Segment Start: Records for the exercise

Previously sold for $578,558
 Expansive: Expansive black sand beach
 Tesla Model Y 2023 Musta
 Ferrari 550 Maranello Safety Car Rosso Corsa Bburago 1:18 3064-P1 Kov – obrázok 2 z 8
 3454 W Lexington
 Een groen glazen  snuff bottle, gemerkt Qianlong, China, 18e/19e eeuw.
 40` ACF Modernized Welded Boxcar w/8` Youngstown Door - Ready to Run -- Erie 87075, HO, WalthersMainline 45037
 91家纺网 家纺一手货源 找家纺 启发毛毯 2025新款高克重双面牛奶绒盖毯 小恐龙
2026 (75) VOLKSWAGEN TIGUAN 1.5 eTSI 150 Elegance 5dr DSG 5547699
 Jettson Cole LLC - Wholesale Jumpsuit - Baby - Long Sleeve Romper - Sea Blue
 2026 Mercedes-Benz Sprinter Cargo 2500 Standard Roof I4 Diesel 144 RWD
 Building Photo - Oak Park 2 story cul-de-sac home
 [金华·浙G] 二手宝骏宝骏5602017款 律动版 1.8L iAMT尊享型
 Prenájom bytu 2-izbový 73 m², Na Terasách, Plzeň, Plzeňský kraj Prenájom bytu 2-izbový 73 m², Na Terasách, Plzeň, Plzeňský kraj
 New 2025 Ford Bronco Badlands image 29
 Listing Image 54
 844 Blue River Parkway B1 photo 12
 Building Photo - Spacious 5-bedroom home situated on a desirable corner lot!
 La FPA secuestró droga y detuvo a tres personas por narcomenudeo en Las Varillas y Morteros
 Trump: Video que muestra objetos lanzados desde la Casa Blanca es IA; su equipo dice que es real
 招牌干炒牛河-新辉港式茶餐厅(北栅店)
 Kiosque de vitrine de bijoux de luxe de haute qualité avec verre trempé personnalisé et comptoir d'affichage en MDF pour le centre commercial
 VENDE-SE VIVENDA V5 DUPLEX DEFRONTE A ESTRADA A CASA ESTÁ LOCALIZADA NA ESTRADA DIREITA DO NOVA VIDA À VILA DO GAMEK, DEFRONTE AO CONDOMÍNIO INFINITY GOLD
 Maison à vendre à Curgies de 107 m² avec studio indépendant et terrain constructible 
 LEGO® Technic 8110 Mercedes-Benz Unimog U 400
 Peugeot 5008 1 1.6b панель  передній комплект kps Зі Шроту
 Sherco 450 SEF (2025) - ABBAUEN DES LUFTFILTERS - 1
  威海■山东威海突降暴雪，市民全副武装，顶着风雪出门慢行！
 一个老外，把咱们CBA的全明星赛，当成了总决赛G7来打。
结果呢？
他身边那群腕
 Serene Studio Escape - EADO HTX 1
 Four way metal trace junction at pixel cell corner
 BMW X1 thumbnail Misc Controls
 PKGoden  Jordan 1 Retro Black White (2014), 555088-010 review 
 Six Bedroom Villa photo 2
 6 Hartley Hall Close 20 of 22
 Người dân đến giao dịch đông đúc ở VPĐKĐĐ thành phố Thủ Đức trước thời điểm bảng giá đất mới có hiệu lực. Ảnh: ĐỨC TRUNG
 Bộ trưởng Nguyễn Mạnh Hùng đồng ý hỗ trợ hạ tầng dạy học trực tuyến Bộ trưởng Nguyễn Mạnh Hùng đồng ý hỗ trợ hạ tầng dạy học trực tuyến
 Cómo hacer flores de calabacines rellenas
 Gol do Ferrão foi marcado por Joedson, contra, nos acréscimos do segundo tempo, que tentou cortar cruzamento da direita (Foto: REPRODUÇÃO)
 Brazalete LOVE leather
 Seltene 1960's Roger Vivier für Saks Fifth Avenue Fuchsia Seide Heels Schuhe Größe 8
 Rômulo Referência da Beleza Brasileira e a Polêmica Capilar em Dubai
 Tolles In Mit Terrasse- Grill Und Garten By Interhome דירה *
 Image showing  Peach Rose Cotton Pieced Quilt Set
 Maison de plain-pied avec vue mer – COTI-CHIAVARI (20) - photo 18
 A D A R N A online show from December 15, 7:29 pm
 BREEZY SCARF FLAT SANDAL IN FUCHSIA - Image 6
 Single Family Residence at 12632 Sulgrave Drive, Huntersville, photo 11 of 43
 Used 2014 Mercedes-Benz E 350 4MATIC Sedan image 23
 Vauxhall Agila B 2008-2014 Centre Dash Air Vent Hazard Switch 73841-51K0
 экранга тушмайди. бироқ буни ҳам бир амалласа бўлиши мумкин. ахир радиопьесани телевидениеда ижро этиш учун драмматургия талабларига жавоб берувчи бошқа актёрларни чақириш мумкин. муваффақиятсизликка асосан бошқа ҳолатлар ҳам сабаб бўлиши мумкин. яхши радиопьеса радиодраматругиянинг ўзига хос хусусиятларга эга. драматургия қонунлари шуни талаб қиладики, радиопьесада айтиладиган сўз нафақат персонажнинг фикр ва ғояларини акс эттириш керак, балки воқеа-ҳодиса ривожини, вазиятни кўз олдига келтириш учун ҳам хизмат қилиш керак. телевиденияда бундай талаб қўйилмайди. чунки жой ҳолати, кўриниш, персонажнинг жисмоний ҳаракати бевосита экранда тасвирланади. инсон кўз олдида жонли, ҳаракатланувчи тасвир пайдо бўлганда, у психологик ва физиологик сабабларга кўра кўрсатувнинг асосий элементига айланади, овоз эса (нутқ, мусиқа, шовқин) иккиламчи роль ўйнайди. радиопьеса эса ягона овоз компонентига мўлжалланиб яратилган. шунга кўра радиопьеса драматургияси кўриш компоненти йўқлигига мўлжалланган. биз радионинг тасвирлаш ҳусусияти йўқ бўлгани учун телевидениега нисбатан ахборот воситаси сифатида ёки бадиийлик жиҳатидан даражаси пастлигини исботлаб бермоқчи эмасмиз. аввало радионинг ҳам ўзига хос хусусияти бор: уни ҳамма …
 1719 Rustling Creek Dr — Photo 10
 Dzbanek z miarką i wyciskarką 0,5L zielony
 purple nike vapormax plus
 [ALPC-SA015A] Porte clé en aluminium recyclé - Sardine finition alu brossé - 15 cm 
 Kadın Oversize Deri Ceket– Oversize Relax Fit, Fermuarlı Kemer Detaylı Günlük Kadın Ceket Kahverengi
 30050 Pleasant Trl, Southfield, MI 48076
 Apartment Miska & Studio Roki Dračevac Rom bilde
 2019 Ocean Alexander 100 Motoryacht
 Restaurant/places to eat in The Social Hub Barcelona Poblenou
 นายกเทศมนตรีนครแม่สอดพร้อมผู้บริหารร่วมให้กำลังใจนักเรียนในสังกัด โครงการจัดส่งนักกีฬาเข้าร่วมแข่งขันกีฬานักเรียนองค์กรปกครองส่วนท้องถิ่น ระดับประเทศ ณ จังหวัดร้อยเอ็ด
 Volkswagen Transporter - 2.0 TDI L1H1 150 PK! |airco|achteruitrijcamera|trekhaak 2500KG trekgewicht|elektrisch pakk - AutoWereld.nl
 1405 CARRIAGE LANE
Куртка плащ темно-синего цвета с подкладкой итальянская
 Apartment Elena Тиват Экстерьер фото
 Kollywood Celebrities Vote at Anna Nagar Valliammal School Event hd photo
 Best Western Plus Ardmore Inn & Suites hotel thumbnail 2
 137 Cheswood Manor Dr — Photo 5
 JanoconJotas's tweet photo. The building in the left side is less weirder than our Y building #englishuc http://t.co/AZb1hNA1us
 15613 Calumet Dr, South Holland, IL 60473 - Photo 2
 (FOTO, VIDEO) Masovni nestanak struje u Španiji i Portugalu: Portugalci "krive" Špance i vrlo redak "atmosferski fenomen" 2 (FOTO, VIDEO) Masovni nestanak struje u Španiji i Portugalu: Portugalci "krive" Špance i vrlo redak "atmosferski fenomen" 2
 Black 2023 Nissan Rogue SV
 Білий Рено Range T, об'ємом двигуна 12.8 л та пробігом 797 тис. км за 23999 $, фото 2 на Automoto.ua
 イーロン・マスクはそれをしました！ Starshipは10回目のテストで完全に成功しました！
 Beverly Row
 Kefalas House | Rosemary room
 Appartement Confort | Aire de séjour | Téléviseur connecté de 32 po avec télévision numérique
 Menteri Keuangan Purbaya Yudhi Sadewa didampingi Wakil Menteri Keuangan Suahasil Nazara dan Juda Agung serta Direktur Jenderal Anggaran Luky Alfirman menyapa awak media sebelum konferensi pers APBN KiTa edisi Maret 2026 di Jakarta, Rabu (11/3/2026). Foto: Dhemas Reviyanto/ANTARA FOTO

Segment End: Records for the exercise

**To do**
Take from the listing every line in which the word "avec" appears.

**Your response**
 Kiosque de vitrine de bijoux de luxe de haute qualité avec verre trempé personnalisé et comptoir d'affichage en MDF pour le centre commercial
 Maison à vendre à Curgies de 107 m² avec studio indépendant et terrain constructible 
 Maison de plain-pied avec vue mer – COTI-CHIAVARI (20) - photo 18
 Appartement Confort | Aire de séjour | Téléviseur connecté de 32 po avec télévision numérique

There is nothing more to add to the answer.